In 2006 Candice's mom and her boyfriend sold their house, bought an RV, and drove out to the sunny West to live off the land a bit and sell their hand-made jewelry and other home-made goods at any market that would have them. After time in Arizona, they settled in several spots in California, and eventually ended up as Camp Hosts at Lime Kiln State Park within Big Sur on the Coast of central Cali where we were able to visit them. The park was closed to the public at the time because of forest fires nearby so they had the grounds mostly to themselves. We got to stay with them in their camper while they tended to things and shoo'd away people trying to enter the closed park. I'll never forget the views from the cliff overlooking the ocean-side or the romantic afternoon picnic Candy and I had on it. I'll never forget the sea-sickening, spaghetti-noodle-winding Highway-1 and its giant rock-stabilizing nets covering the mountainside, protecting us from being smashed. Or the cold nights when the space-heater wasn't enough to keep the windows in the camper from dripping their condensation on we stowaways in the loft. Or the GIANT cheddar cheese block we ate leftover from a conference on the grounds. They were living their dream, but it wasn't easy. More often than not, they were living day to day as well, the same way we are, just in smaller confines with fresher air and crashing waves nearby.

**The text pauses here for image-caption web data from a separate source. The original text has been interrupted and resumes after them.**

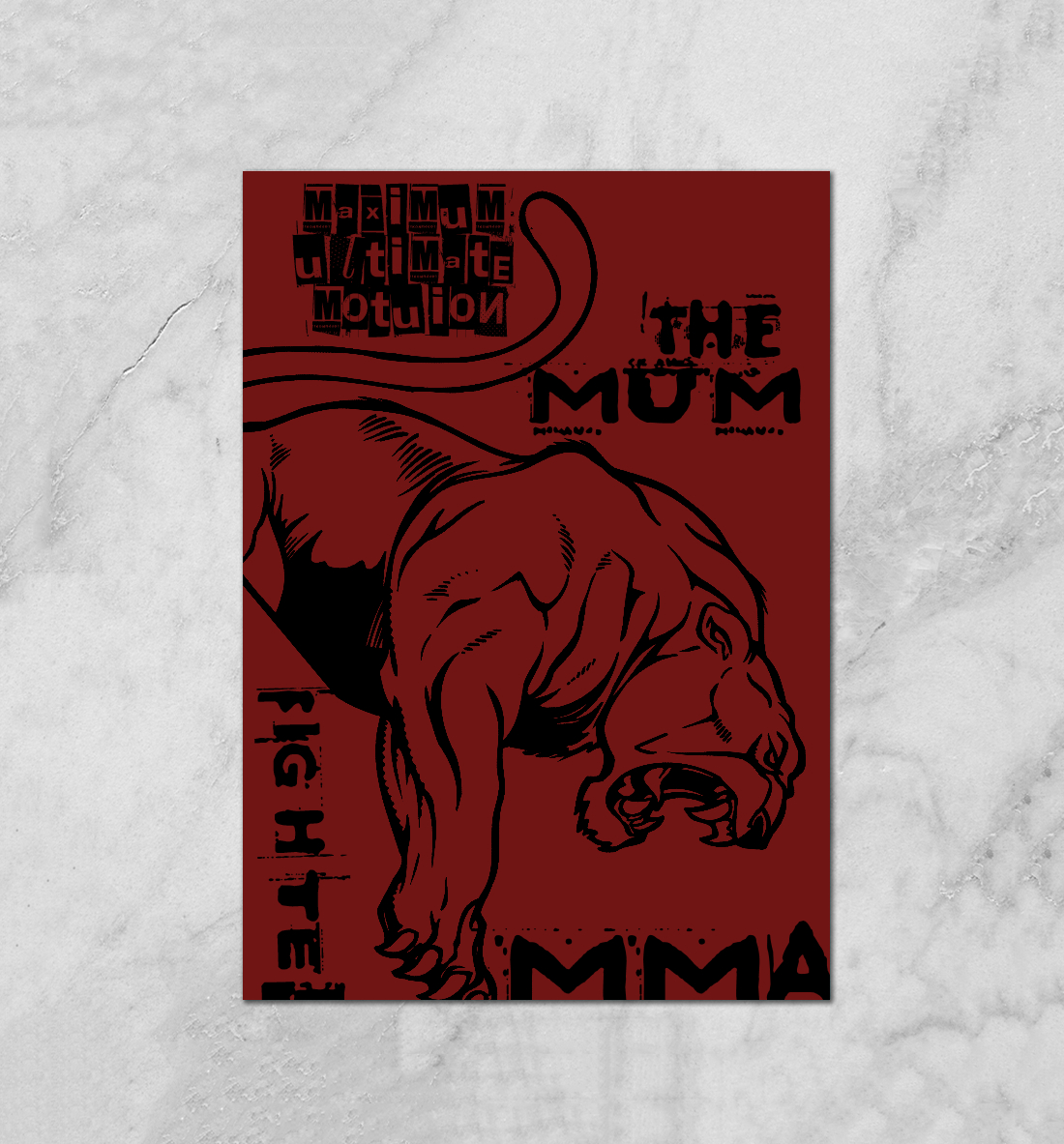 

Mum fighter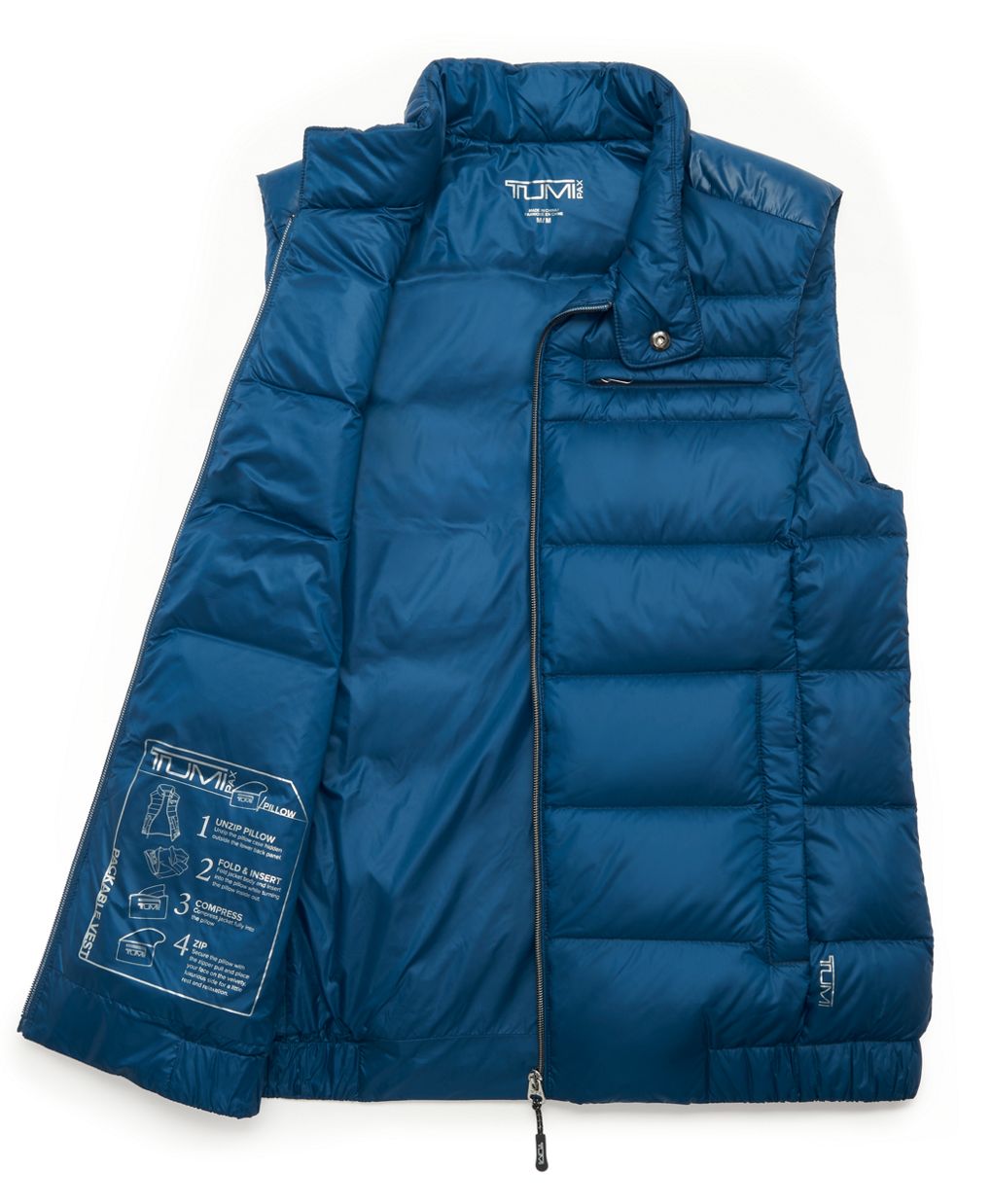 Tumi clearance puffer vest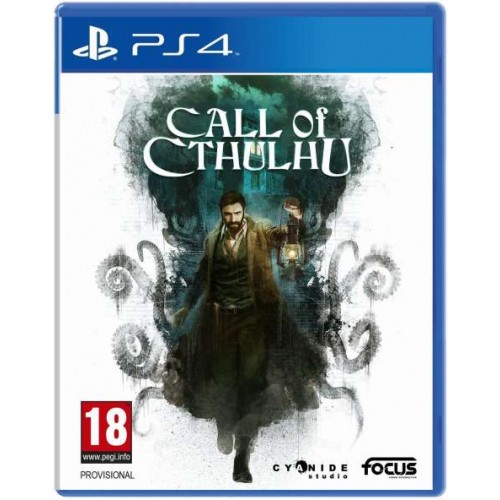 Call of Cthulhu - PlayStation 4 Játékok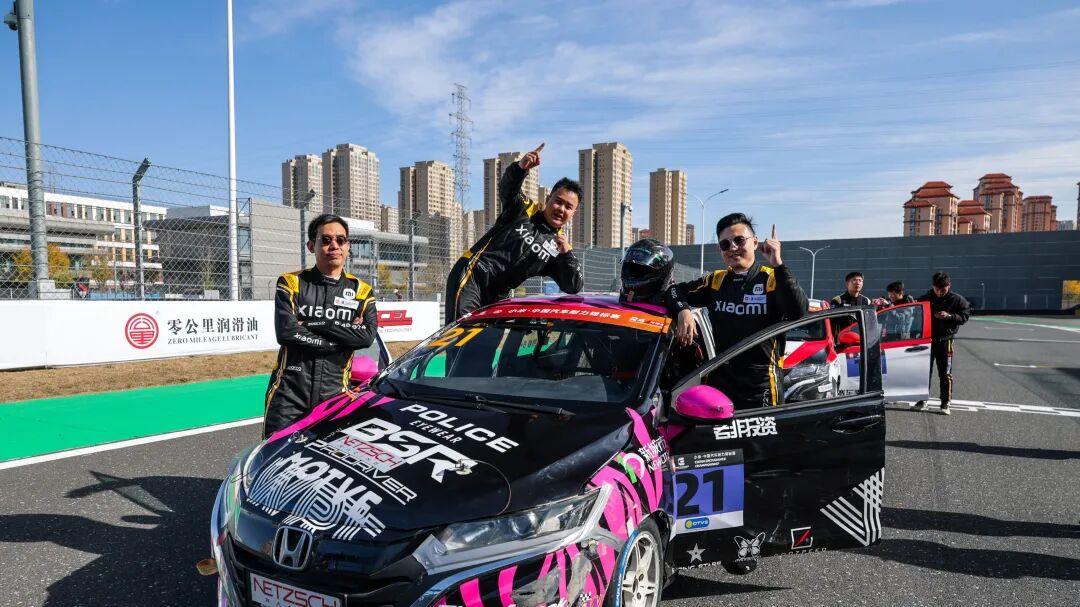 同心砺战，首秀夺魁 安宁庄33号车队CEC天津收官战凯旋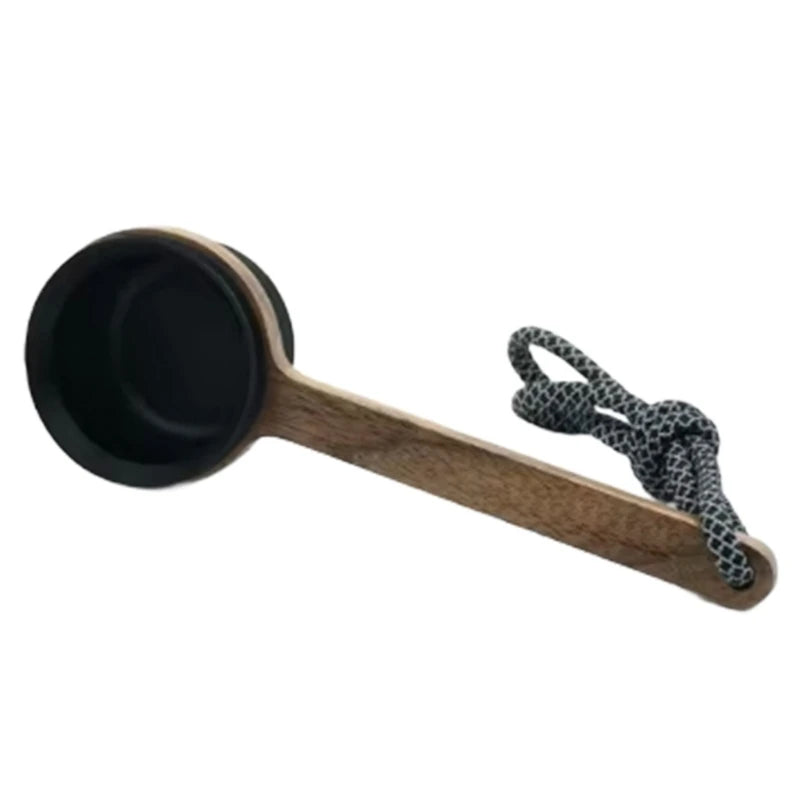 Coffee Measuring Spoon 12g Coffee Measuring Tool Dishwasher Safe Coffee Spoon with Wood Handle Coffee Spoon for Coffee D2RD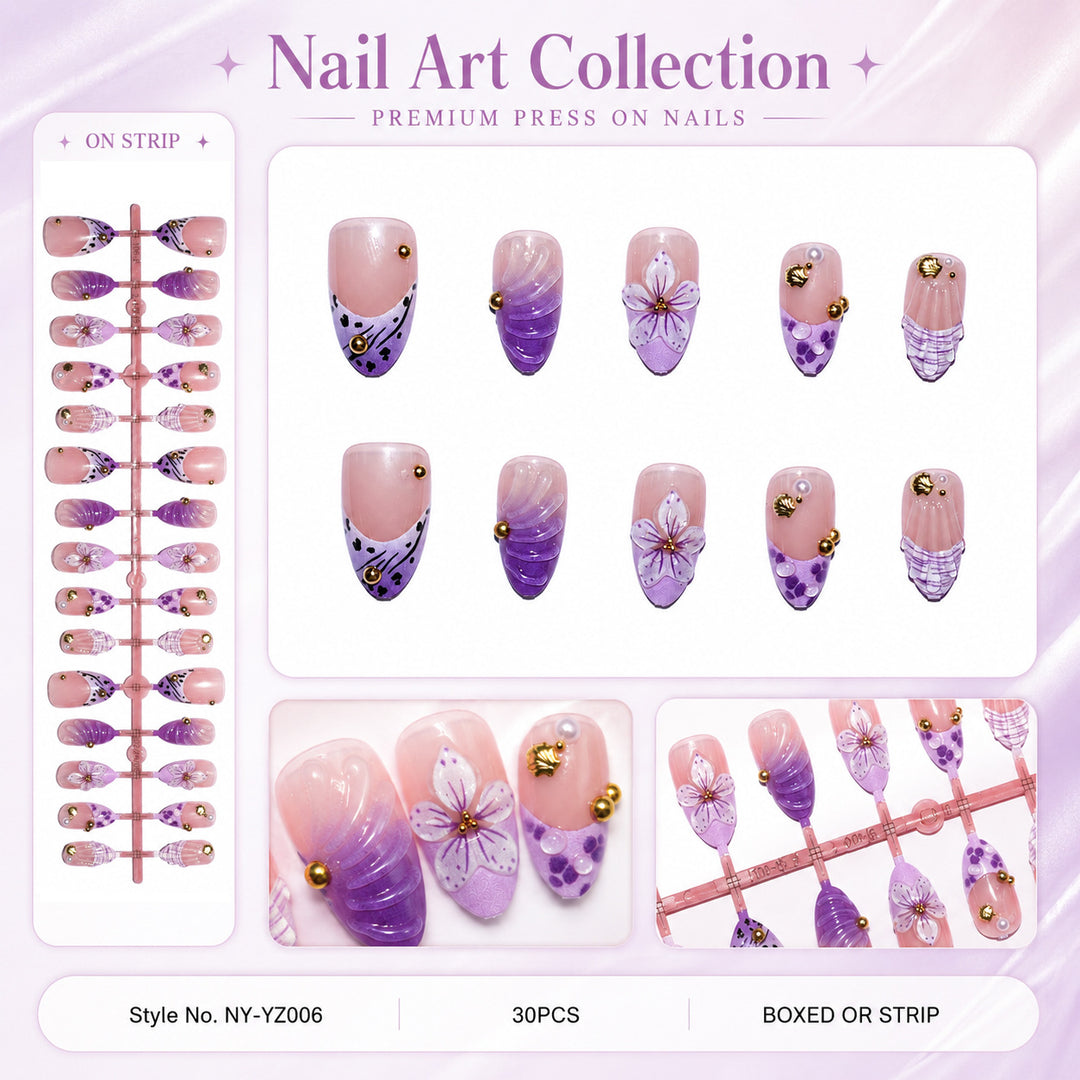 Premium Nail Art Set Bowlift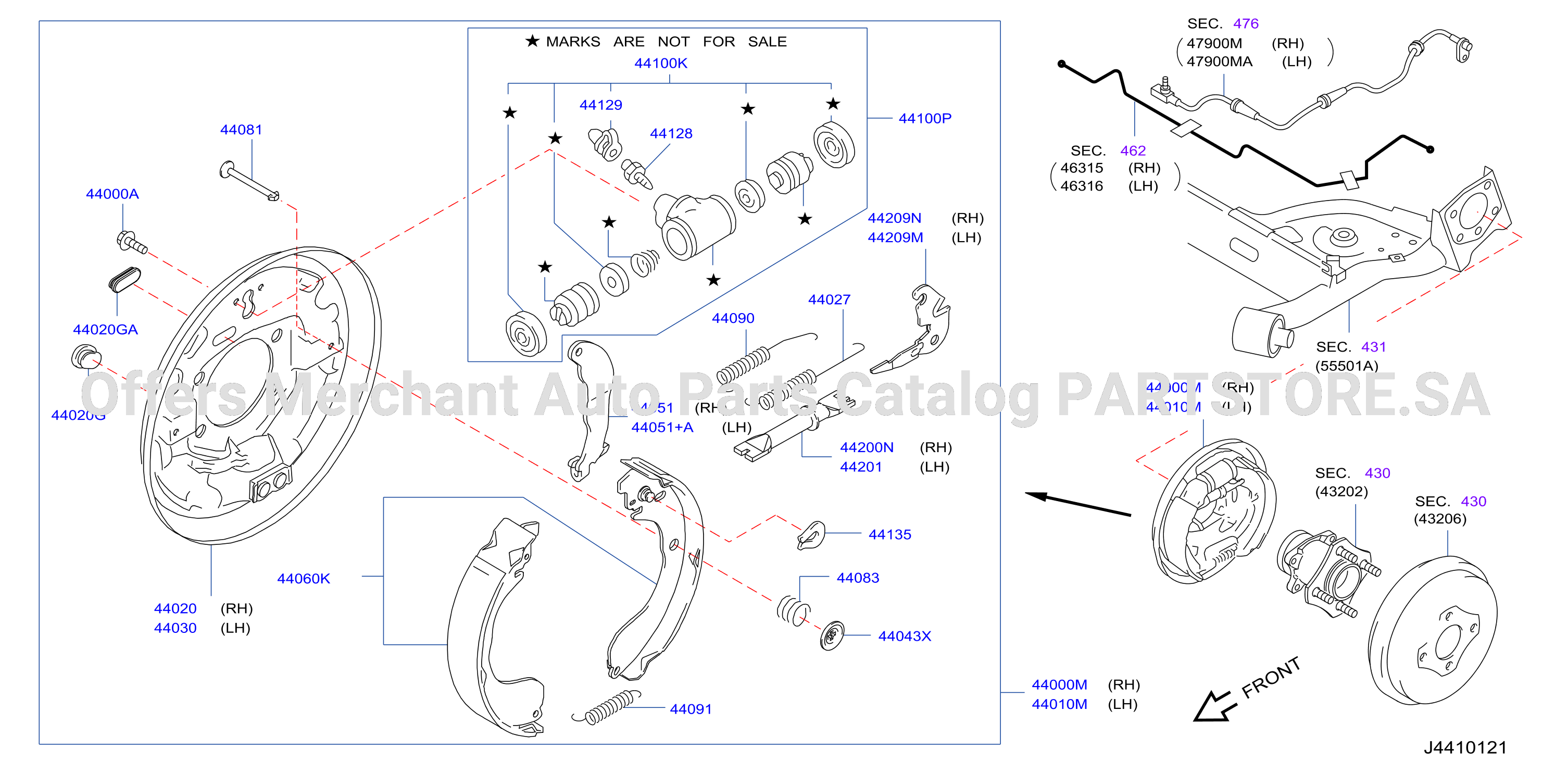Rear Brake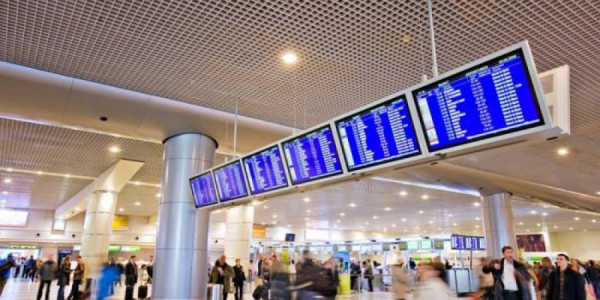 Moskvanın dörd hava limanı fəaliyyətini dayandırıb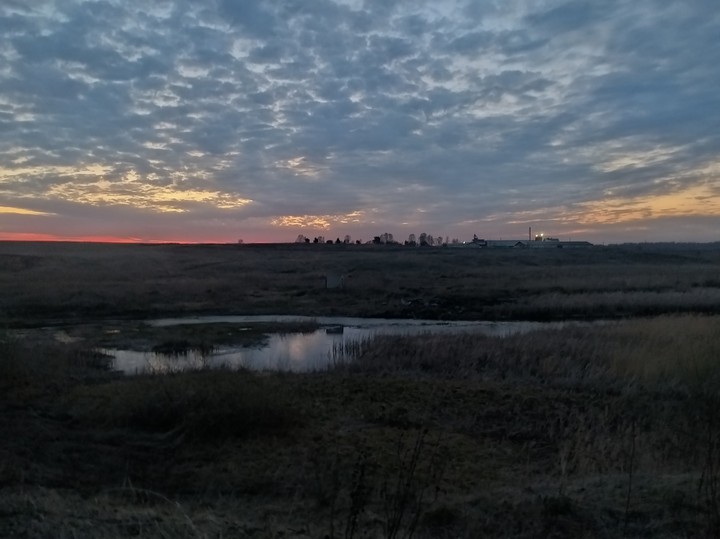 закат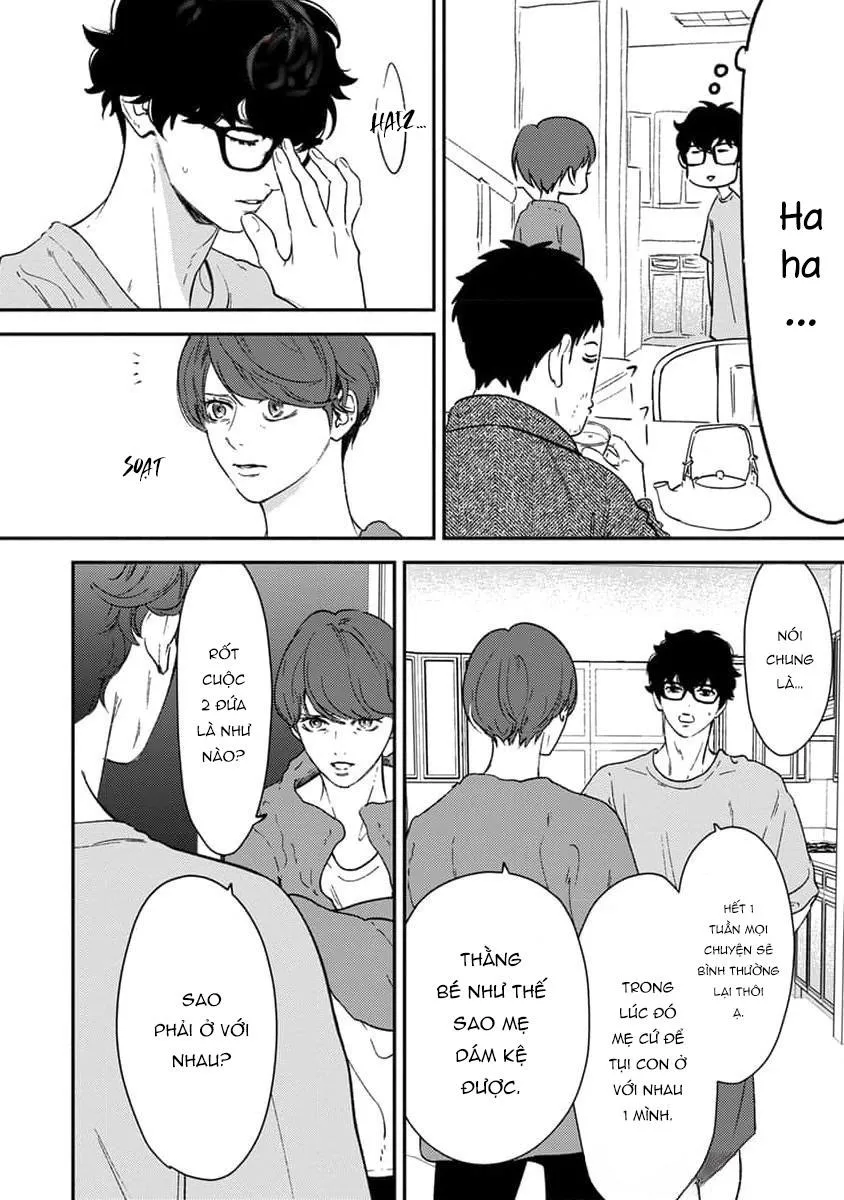 Eden, Chủ Nghĩa Vô Thần 1+2 Chapter 19 Trang 19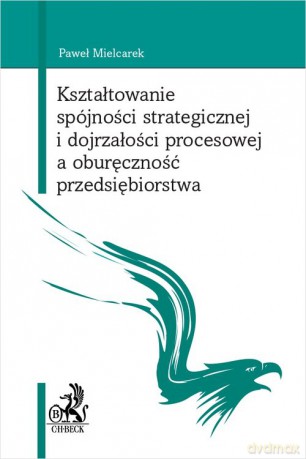 Kształtowanie spójności strategicznej i dojrzałości procesowej a oburęczność przedsiębiorstwa - Paweł Mielcarek [KSIĄŻKA]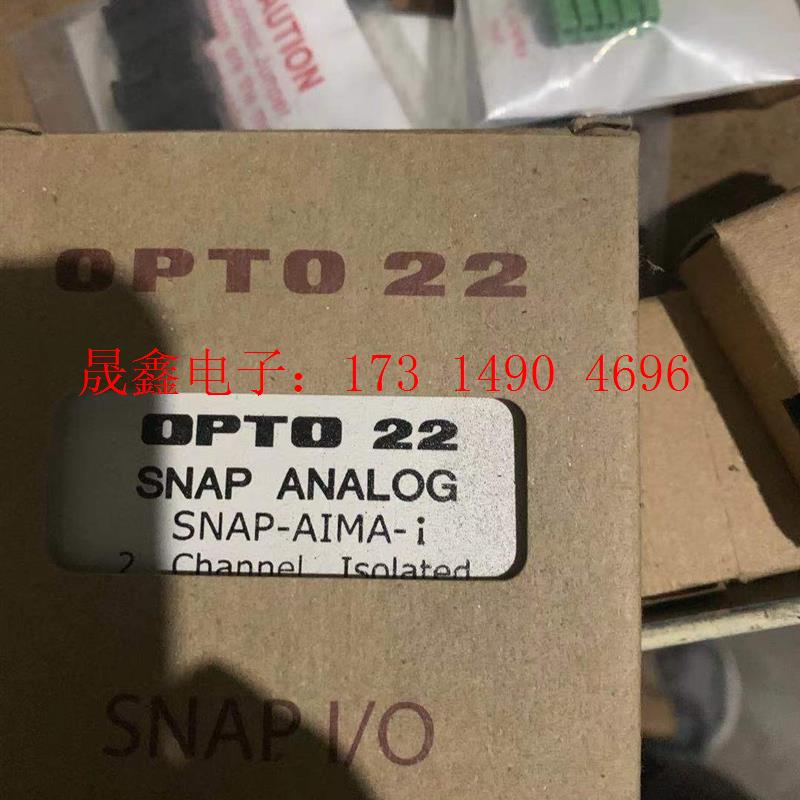 opto22 SNAP-AIMA-i,功能正常。【询价产品】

Last week as we mentally mapped out what we could change to find more adventure, a question dawned on me: Is adventure simply glorified adversity?
I live a pretty comfortable life now. The hunting aspect of my early 20s is long gone. Though I'm not sure I could put it into words succinctly, I've found who I am. I've found the person I want to live beside and grow old with. Together we've created the most adorable darling daughter the world has ever seen (wink, wink). We have a piece of clay we're molding into home. The two of us have secure avenues for work and a whole host of friends and family whom we love and love us. By most peoples' standards we're "living the dream." But there's a lingering feeling that we could be doing and experiencing more.
Surrounded by retirees down south I wondered what it must be like to spend 30+ years building a life filled with all the things mentioned above just to bid all of it adieu and coast into those golden years building a new sense of home. Why does our culture that tell us to keep our noses to the grind-stone so we can prepare for adventures in the future? Why not adventure here, why not now!?!? Cue various punk songs!
But instead of smashing the system or fighting the man I'm considering donating more to my 401K, like a big boy, for the future. In the meantime we'll keep dreaming about taking-this-show-on-the-road and making-a-go-of-it, and other nice phrases that imply adventure. I think we have the goods to do it, but do we have the courage? Time will tell.